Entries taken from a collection
::::::::

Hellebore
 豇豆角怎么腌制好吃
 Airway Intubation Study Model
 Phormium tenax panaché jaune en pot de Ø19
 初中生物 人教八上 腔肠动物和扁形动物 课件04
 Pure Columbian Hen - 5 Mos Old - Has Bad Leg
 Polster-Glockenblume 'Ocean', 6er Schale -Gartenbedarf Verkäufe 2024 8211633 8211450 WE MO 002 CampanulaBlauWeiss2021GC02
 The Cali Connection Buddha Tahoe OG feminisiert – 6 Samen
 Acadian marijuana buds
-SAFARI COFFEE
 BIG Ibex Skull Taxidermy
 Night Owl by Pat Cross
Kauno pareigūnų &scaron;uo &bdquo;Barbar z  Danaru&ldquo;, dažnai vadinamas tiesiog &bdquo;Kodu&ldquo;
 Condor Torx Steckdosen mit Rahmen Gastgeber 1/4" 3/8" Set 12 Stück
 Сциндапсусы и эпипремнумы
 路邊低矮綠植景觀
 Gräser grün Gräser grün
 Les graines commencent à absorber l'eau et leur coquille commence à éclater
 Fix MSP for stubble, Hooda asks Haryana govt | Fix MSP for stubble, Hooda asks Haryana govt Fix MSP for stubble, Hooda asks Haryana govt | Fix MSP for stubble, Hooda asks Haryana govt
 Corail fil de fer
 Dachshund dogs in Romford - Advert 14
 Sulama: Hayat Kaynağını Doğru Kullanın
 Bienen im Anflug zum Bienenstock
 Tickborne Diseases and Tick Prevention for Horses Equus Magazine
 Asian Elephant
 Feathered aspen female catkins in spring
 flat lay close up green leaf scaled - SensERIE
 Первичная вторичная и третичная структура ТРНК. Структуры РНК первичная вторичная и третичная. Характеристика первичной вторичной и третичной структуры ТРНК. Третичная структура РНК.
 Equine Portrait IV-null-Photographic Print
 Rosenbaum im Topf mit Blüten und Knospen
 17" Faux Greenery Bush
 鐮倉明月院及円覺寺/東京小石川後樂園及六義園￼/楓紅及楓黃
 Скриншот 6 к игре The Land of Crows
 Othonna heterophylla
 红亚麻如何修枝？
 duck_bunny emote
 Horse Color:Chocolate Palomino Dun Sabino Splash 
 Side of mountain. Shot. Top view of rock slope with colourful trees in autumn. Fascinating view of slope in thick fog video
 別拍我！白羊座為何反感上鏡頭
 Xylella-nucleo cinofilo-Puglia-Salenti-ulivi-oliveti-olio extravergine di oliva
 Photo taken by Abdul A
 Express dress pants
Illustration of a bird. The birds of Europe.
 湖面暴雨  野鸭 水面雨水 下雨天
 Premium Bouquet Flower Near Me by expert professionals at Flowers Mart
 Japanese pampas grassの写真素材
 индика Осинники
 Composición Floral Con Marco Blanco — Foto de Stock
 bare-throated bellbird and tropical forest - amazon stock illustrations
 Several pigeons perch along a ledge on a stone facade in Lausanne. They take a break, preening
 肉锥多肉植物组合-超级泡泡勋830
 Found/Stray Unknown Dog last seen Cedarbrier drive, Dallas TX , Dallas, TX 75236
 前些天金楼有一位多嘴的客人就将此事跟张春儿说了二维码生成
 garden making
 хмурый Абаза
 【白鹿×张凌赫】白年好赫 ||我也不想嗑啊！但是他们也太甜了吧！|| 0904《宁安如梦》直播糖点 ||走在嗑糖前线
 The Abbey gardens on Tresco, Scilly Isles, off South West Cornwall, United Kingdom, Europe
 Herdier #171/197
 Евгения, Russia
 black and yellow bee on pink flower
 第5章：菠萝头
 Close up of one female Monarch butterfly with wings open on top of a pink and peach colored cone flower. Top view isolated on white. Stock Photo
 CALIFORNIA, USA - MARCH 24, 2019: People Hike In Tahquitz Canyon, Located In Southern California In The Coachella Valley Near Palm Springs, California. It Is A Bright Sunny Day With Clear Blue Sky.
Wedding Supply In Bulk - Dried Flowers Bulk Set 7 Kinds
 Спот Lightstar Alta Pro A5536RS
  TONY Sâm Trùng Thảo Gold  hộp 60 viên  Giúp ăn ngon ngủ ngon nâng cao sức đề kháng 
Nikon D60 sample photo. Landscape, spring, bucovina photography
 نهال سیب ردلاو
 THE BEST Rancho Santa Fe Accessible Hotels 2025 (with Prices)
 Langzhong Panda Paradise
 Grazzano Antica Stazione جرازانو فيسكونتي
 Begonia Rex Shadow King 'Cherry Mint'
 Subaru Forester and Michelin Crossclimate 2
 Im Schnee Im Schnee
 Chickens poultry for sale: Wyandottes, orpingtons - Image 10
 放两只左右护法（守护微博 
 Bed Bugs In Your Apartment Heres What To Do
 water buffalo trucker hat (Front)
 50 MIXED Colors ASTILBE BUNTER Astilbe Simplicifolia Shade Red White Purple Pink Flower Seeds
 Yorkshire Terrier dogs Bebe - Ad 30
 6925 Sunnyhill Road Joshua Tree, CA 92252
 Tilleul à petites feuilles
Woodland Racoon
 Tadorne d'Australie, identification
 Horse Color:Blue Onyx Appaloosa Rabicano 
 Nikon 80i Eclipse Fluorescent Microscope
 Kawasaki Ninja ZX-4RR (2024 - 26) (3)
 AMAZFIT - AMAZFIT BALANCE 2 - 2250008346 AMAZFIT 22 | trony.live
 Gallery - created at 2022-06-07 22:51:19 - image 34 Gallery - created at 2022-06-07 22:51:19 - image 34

::::::::

## Task prompt
After locating the line with "Express dress pants" above, return that line and every later line through the one with "Composición Floral Con", word for word and with nothing else.

## Response for this exercise
 Express dress pants
Illustration of a bird. The birds of Europe.
 湖面暴雨  野鸭 水面雨水 下雨天
 Premium Bouquet Flower Near Me by expert professionals at Flowers Mart
 Japanese pampas grassの写真素材
 индика Осинники
 Composición Floral Con Marco Blanco — Foto de Stock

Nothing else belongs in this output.